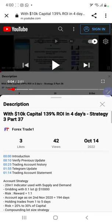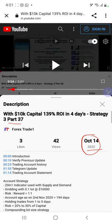Hello everyone, welcome to Forex Trade 1. Today we are updating about Strategy 3, Part 38. The last video was Part 37, published on the 14th of October, and we are back with a new update. As you know, in the YouTube description you can get the strategy details, profit update, and trading account statement, so make sure you check the description.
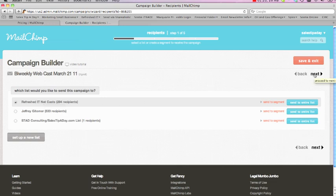Once you've created a list and inputted people into this, so that's another thing—you can take email names and put them into this, or you can also build a contact form where people can actually register and you can capture emails.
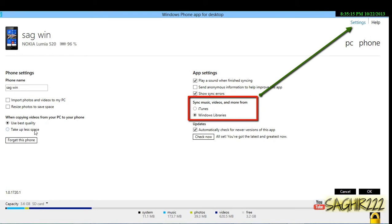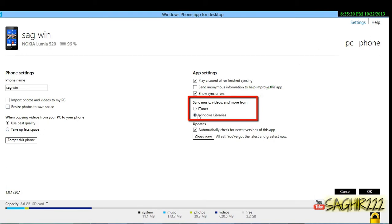Go to settings and select whether you're going to synchronize from Windows library or iTunes.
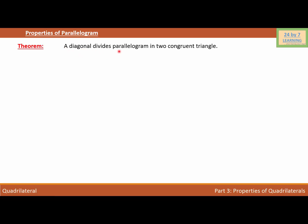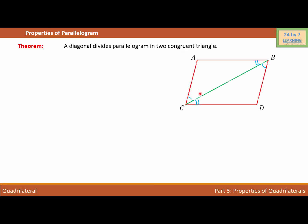Properties of parallelogram. The first theorem: a diagonal divides the parallelogram into two congruent triangles. Consider this parallelogram ABCD. BC is the diagonal, and this diagonal is dividing the parallelogram ABCD into two triangles: triangle ABC and triangle CBD. So we can say that triangle ABC is congruent to triangle BCD.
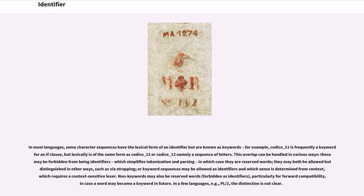In most languages, some character sequences have the lexical form of an identifier but are known as keywords — for example, 'if' is frequently a keyword for an if clause, but lexically is of the same form as other identifier sequences, namely a sequence of letters. This overlap can be handled in various ways: keywords may be forbidden from being identifiers, which simplifies tokenization and parsing, in which case they are reserved words; they may both be allowed but distinguished in other ways, such as via stropping; or keyword sequences may be allowed as identifiers where sense is determined from context, which requires a context-sensitive lexer. Non-keywords may also be reserved words, particularly for forward compatibility, in case a word may become a keyword in future.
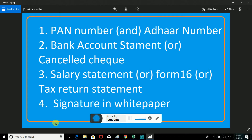The PAN number is very mandatory. If you don't have this account, you will need the PAN number first. You will need the PAN number and the OTP number.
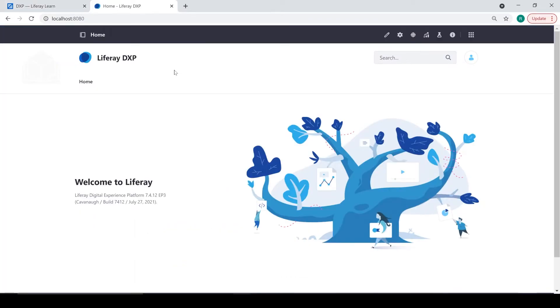As you can see, I have my instance of Liferay DXP up and running. We have successfully started up Liferay DXP using a Docker image.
# # # # # # #
> Exercise
Write out the whole listing exactly. Do not include the pictures.

> Answer to the exercise
Hello everyone, welcome to Forex Trade 1. Today we are updating about Strategy 3, Part 38. The last video was Part 37, published on the 14th of October, and we are back with a new update. As you know, in the YouTube description you can get the strategy details, profit update, and trading account statement, so make sure you check the description.
Once you've created a list and inputted people into this, so that's another thing—you can take email names and put them into this, or you can also build a contact form where people can actually register and you can capture emails.
Go to settings and select whether you're going to synchronize from Windows library or iTunes.
Properties of parallelogram. The first theorem: a diagonal divides the parallelogram into two congruent triangles. Consider this parallelogram ABCD. BC is the diagonal, and this diagonal is dividing the parallelogram ABCD into two triangles: triangle ABC and triangle CBD. So we can say that triangle ABC is congruent to triangle BCD.
In most languages, some character sequences have the lexical form of an identifier but are known as keywords — for example, 'if' is frequently a keyword for an if clause, but lexically is of the same form as other identifier sequences, namely a sequence of letters. This overlap can be handled in various ways: keywords may be forbidden from being identifiers, which simplifies tokenization and parsing, in which case they are reserved words; they may both be allowed but distinguished in other ways, such as via stropping; or keyword sequences may be allowed as identifiers where sense is determined from context, which requires a context-sensitive lexer. Non-keywords may also be reserved words, particularly for forward compatibility, in case a word may become a keyword in future.
The PAN number is very mandatory. If you don't have this account, you will need the PAN number first. You will need the PAN number and the OTP number.
As you can see, I have my instance of Liferay DXP up and running. We have successfully started up Liferay DXP using a Docker image.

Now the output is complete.